Notable improvements and stores have opened along major routes like Jinja Road,
where retailers such as Beko, Dr. Mattress, and many others have launched
outlets.
An
intriguing new player, China Town, entered the market earlier this month and
quickly became known for its low prices on appliances and accessories. The
excitement was so great that the store had to close temporarily due to an
inability to manage the large crowds.
As
landlords, we are always seeking retailers and anchor tenants to boost the
value of our properties, especially in terms of revenue. While the exact rent
China Town is paying the Lugogo Mall owners remains undisclosed, one thing is
certain—the volume of people the store has attracted is enormous, and when
tenants make money, landlords make money. So, in this article, we explore what
the buzz around China Town could mean for other landlords in the market.
Over
the years, the debate has persisted: Will online shopping replace physical
stores, decreasing demand for retail space while increasing demand for
warehouses and storage?
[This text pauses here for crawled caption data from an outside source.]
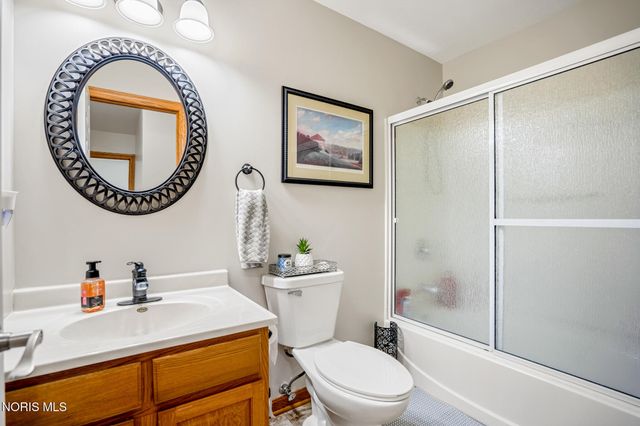 22245 W Hollyhock Lane, Curtice, OH 43412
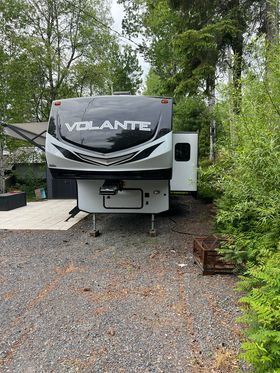 2020 FIFTH WHEEL 36 PIED , BUNK BED , 2 CHAMBRE FERMER 418-932-6 in Travel Trailers & Campers in Québec City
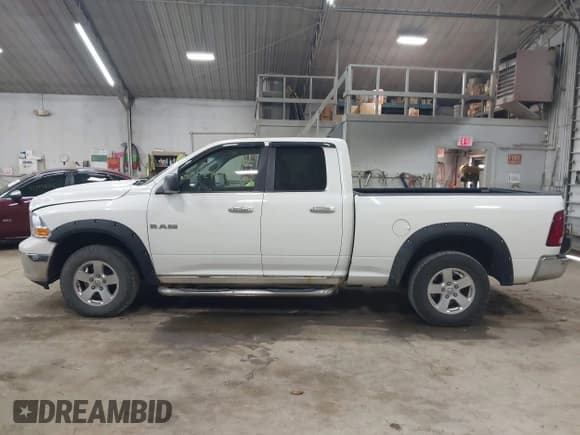 ✅ 2009 Dodge 1500 TRX • VIN: 1D3HV18P29S803669 • Lot: 42745881. Wystawiony na IAAI z przebiegiem 162 365 mil. Bezpłatny archiwum sprzedaży aukcyjnych z USA i szczegółowy raport historii pojazdu na DreamBid. Zdjęcie 14.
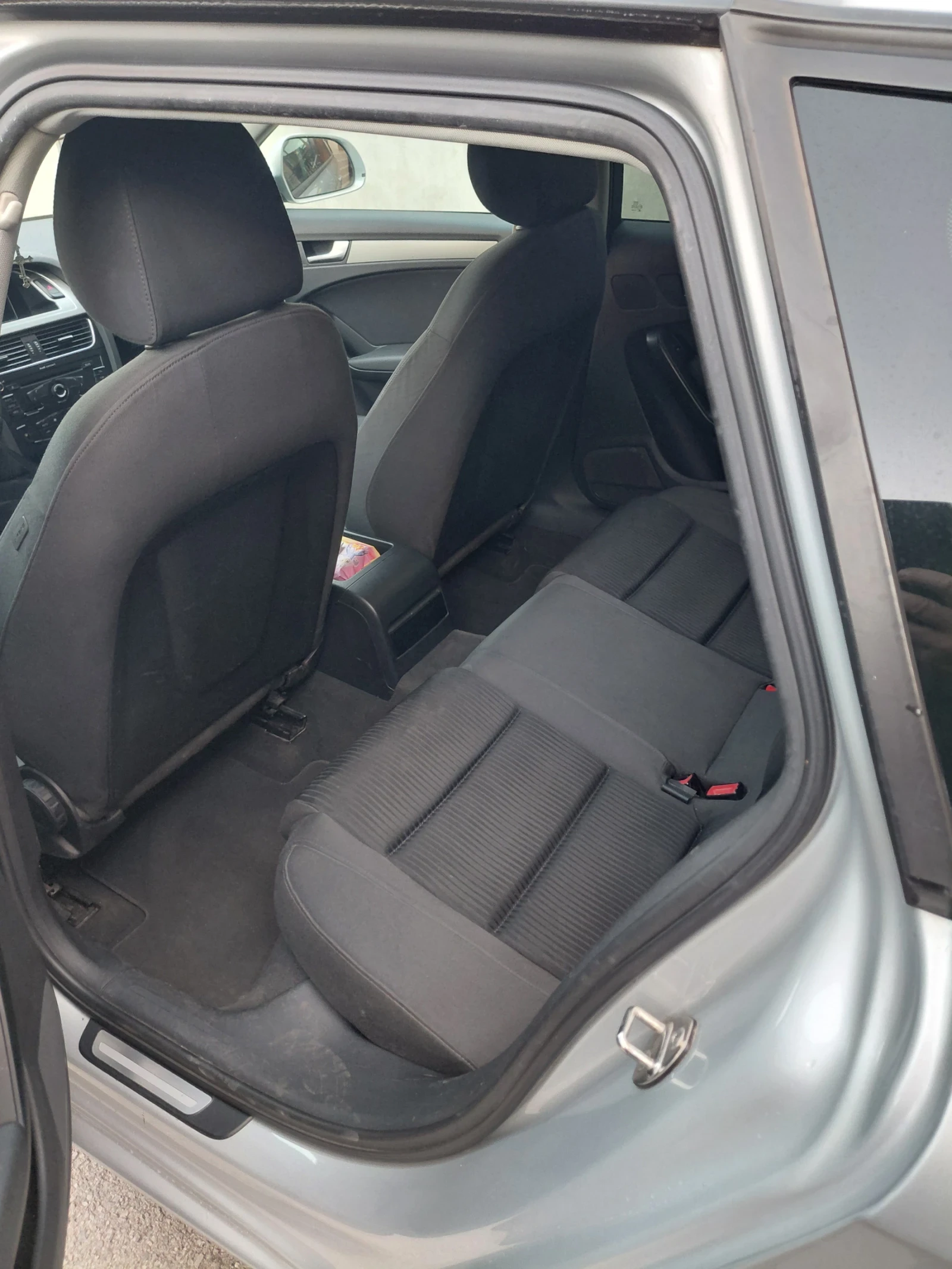 Audi A4, снимка 4 - Автомобили и джипове - 54310852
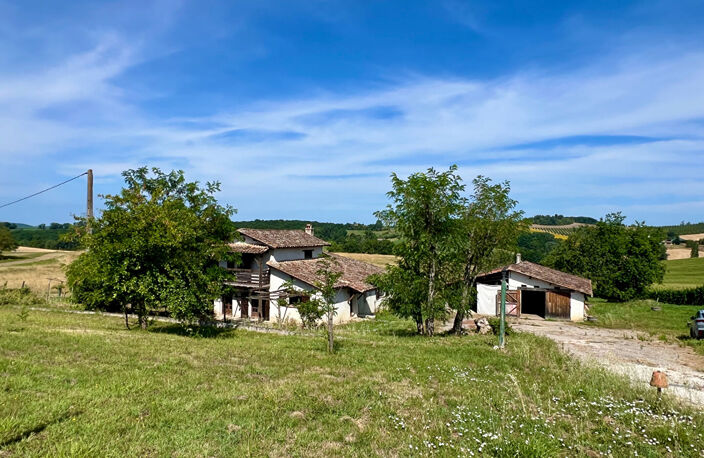 Secteur Monclar d'Agenais, en campagne, découvrez cette maison en pierre de 133,40 m², sur un magnifique terrain d'environ 4 425 m², offrant une vue dégagée et imprenable sur la campagne environnante. Cette maison en pierres offre une pièce de vie de 49,6 — photo 2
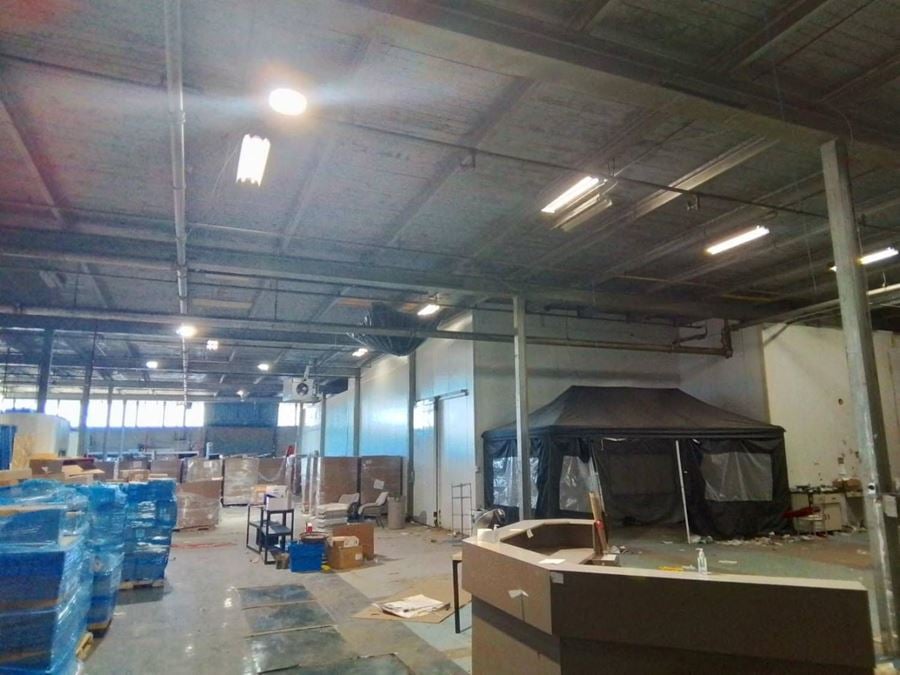 10,000 sqft private industrial warehouse for rent in Etobicoke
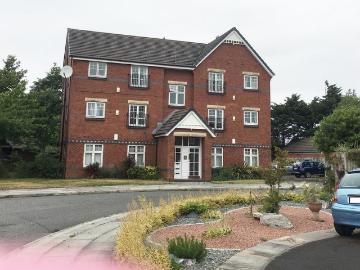 Larkspur Close, Southport PR8, 2 bed flat to rent, £800 pcm | PrimeLocation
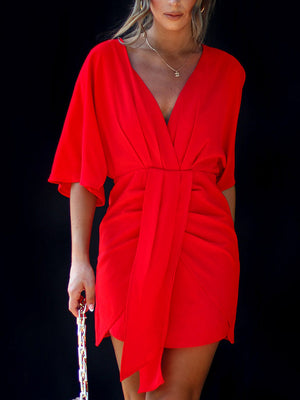 Robe courte plissée à manches chauve-souris, coupe près du corps, à empiècements, à col en V, couleur unie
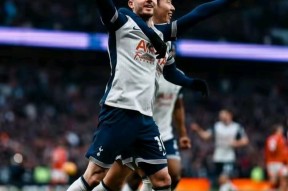 金年会官网入口-热刺遭遇逆转，连败局面难以扭转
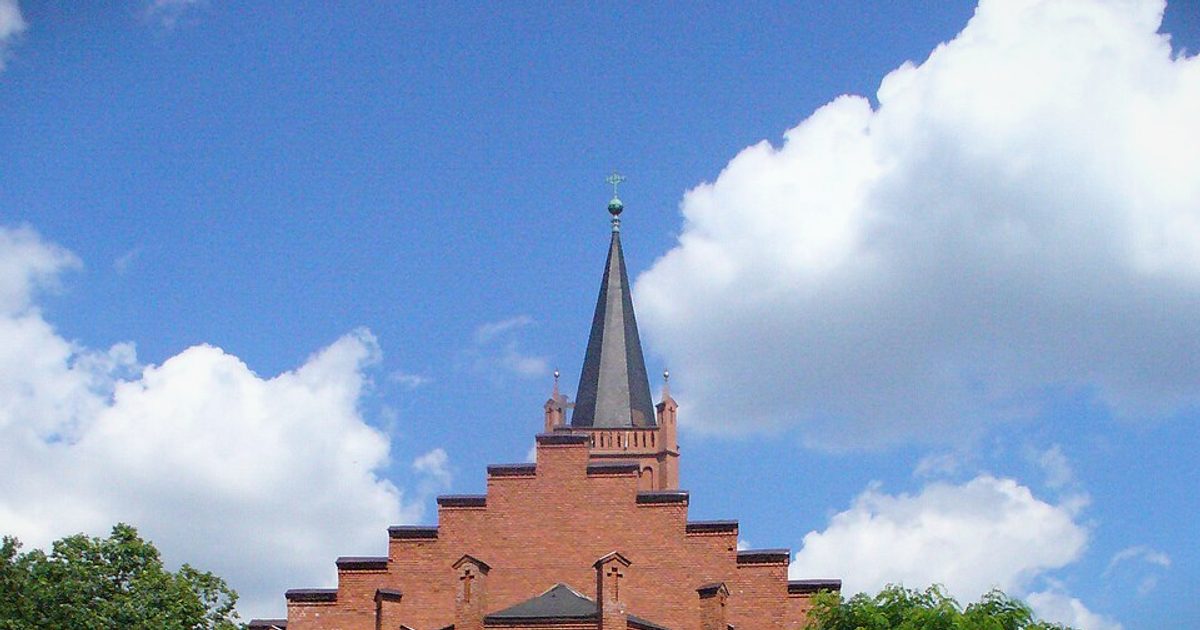 Kościół parafii Kościół NMP Królowej Polski w Jastrowie — zdjęcie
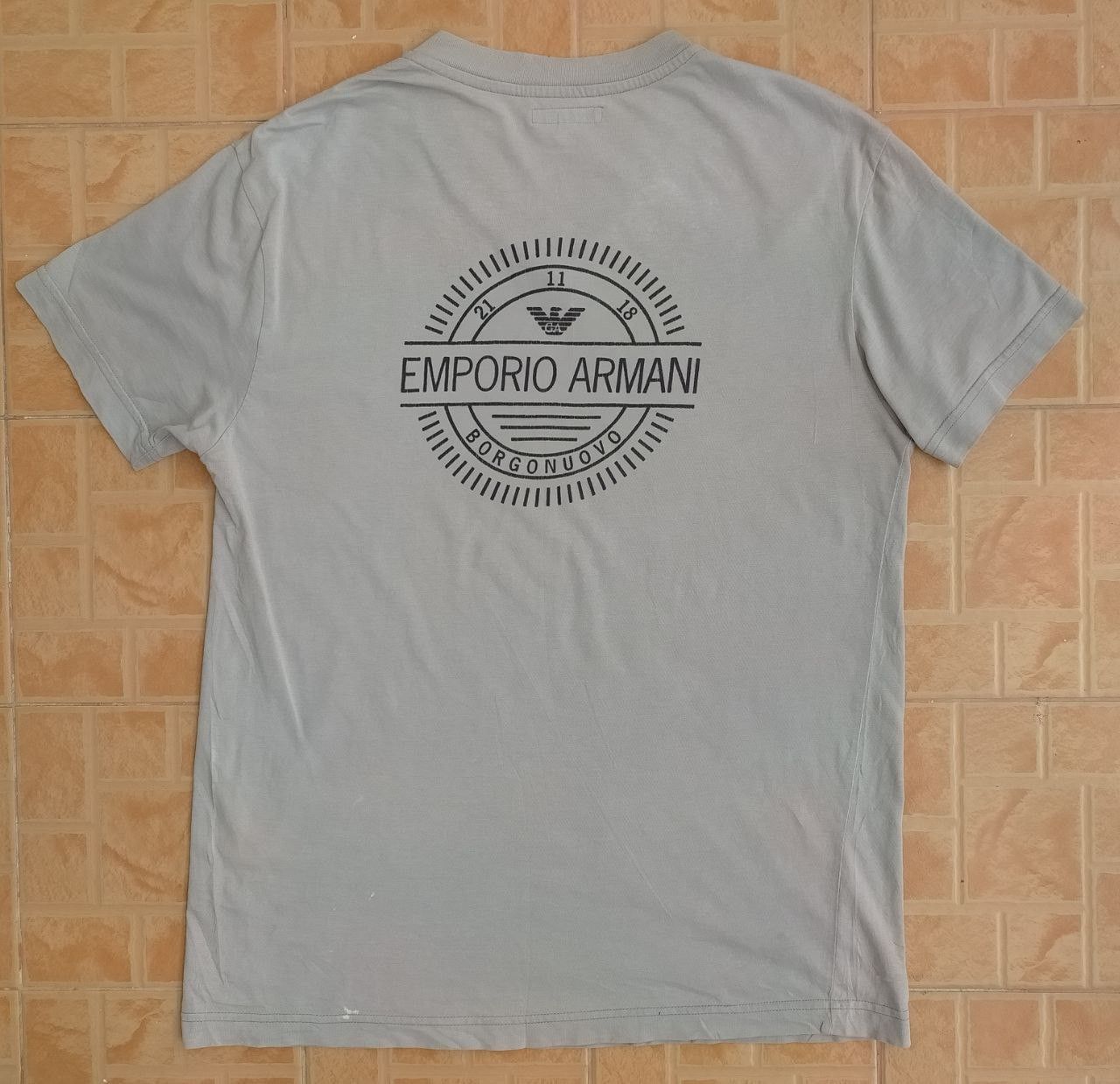 Emporio Armani VINTAGE EMPORIO ARMANI V-NECK LOGO BACK T-SHIRT GRAY Size US S / EU 44-46 / 1 - 5 Thumbnail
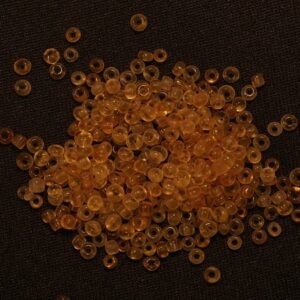 Seed beads transparent färg ljusbrun 2mm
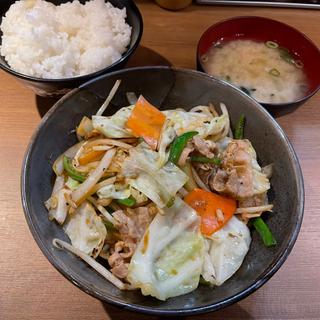 肉野菜炒め定食(伝説のすた丼屋名古屋栄店)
This trend gained momentum during the pandemic, but
many have since settled on a hybrid model, utilizing online marketplaces like
Jiji and Jumia as well their physical stores especially for small retailers.
Hypermarkets
like Chinatown could force smaller retailers to adapt or shut down due to
their ability to command lower prices at scale. However, for landlords with
large spaces, this model increases demand for bigger commercial properties as
other stores want to be where the traffic is, with the potential upside of
higher rents.
Landlords
need to remember that for a retailer, the best place for a retailer to open a
shop is where they can engage most effectively with customers. Industrial
property landlords also benefit, as hypermarkets often have a strong online
presence, increasing the demand for warehousing space to support e-commerce
operations.
For
landlords weighing their options, the challenge lies in understanding the
relationship between the property and the retail business and how it affects
their returns. Retail is growing, consumer spending is rising, and retailers
are performing well, so landlords expect the same. This model definitely
provides an opportunity for many but we need to be cautious as these occupiers
often have stronger bargaining power and ask for lower rates on rent, which increases traffic but potentially causes congestion along with noise and dependency on
them as the anchor tenant.
Hypermarkets
aren’t the only opportunity out there. While we haven’t yet seen many luxury
brands open shop here, neighbouring Kenya has shown that high-end brands can drive
up returns for landlords in ways we once thought were exclusive to the elite.
You too can position your space strategically to attract high-end brands like
Rolex, Apple, and Ferrari.
So,
let us know what you think: Will this model expand further? Will it create a
new trend, and how will it impact Uganda’s economy and society in the long run?